Patients who survive the initial episode of VF require a full evaluation of left ventricular function, myocardial perfusion and electrophysiological instability.

• Careful post-resuscitation care is essential to survival because recurrence rates average at about 50%.
• Treatment of myocardial ischaemia, heart failure and electrolyte disturbances.
• Empirical beta-blockers are often given.
• Most survivors of VF should be treated with implantable cardioverter defibrillators (ICD). Transvenous ICDs can be placed with minimal morbidity and mortality.
• Radiofrequency ablation: most cases of VF are not amenable to radiofrequency ablation and require ICD placement.
• By itself, CABG only prevents recurrent VF if the ejection fraction is normal and ischemia was the cause of the arrest. Even in these patients, ICDs are frequently placed after CABG.

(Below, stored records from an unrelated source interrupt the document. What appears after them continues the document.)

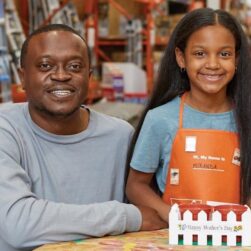 Dad and daughter at Home Depot Free Kids Workshop.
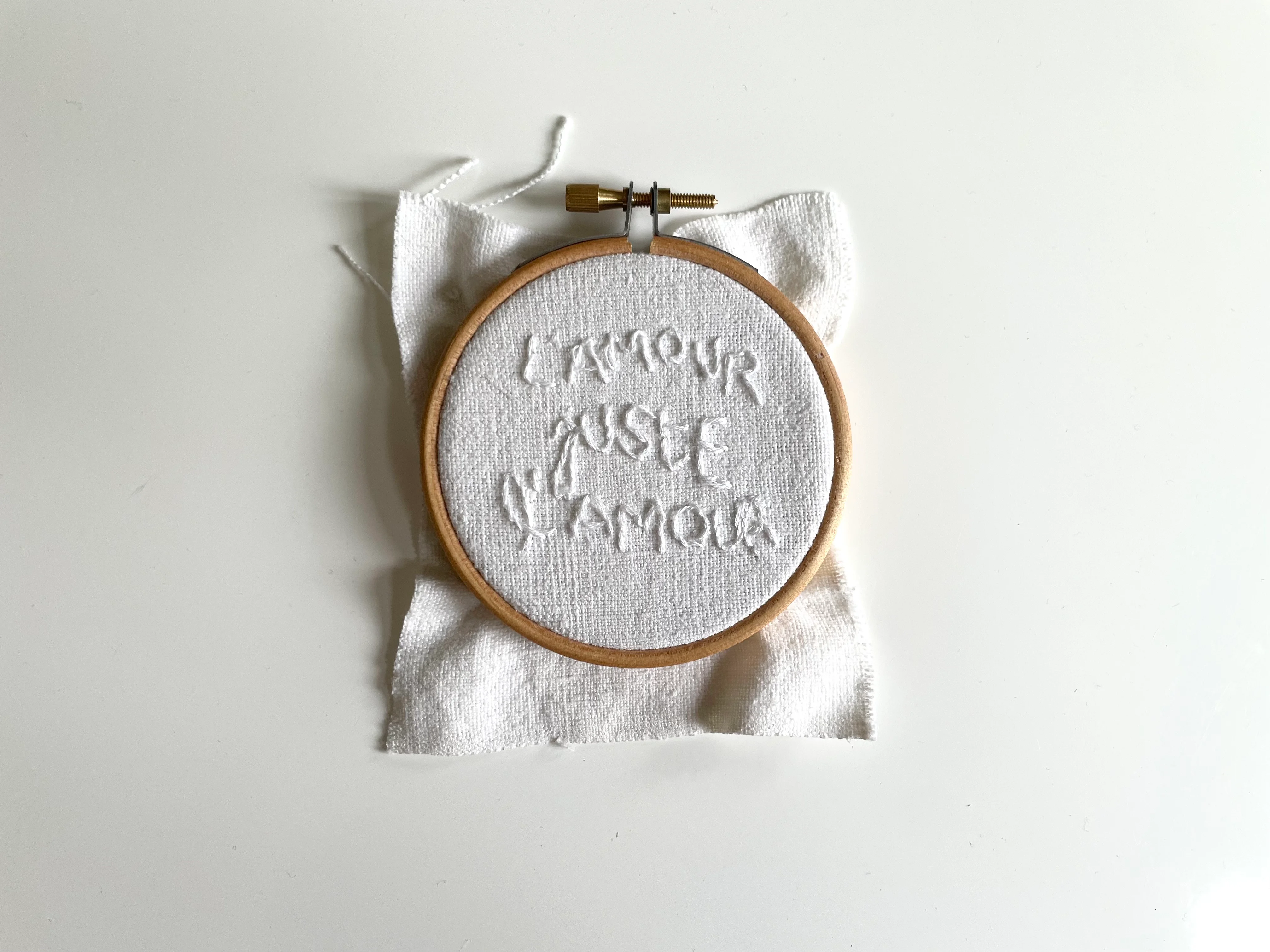 Le secret de l'amour, texte "L'amour juste l'amour" brodé à la main au fil blanc sur drap de lin blanc ancien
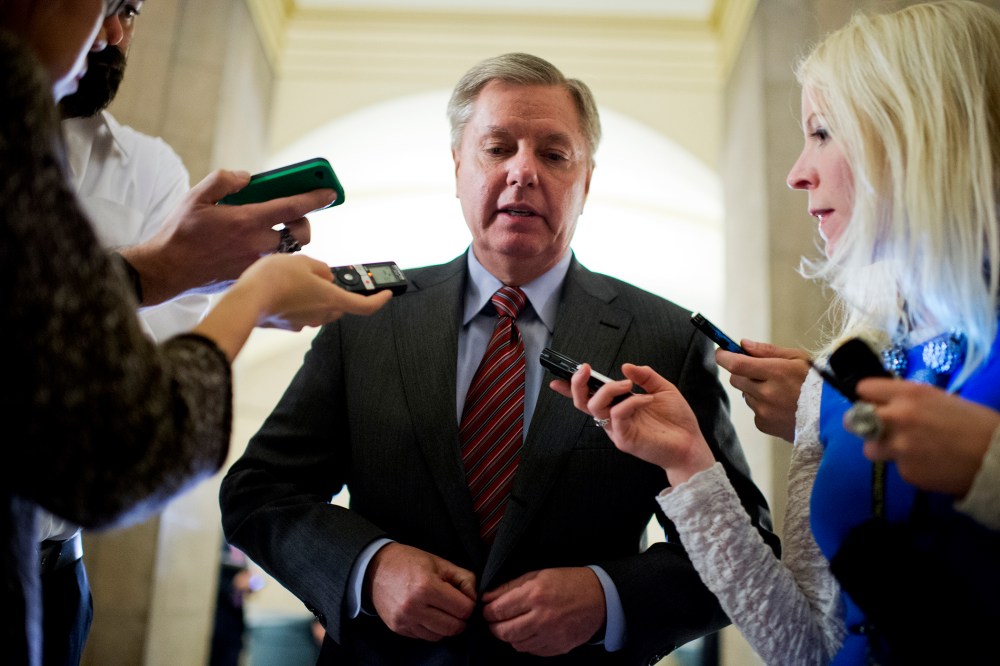 Sen. Lindsey Graham, R-S.C., talks with reporters, Jan. 28, 2014, in Washington.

• Central nervous system ischaemic injury
• Myocardial injury
• Post-defibrillation arrhythmias
• Aspiration pneumonia
• Defibrillation injury to self or others
• Injuries from CPR and resuscitation
• Skin burns
• Death

• Prognosis for survivors of VF strongly depends on the time elapsed between onset and medical intervention (prognosis is poor without intervention by 4-6 minutes after onset of VF) as well as on the particular aetiology for the VF.
• Early defibrillation often makes the difference between long-term disability and functional recovery.
• Death and disability after successful resuscitation correlate with the degree of central nervous system damage occurring during the event.
• VF that occurs within the first 48 hours of the onset of acute myocardial infarction has no bearing on prognosis, but VF that occurs more than 48 hours after acute myocardial infarction is associated with a high rate of recurrence and a poorer prognosis.
• After resuscitation, the prognosis is largely dependent on haemodynamic stability, early neurological recovery and duration of the resuscitation.
• Education and training of non-health care professional in basic life support and the use of automated external defibrillators in public places will probably have the greatest impact on improving survival rates.
• A major adverse outcome from a VF event is anoxic encephalopathy, which occurs in 30-80% of patients.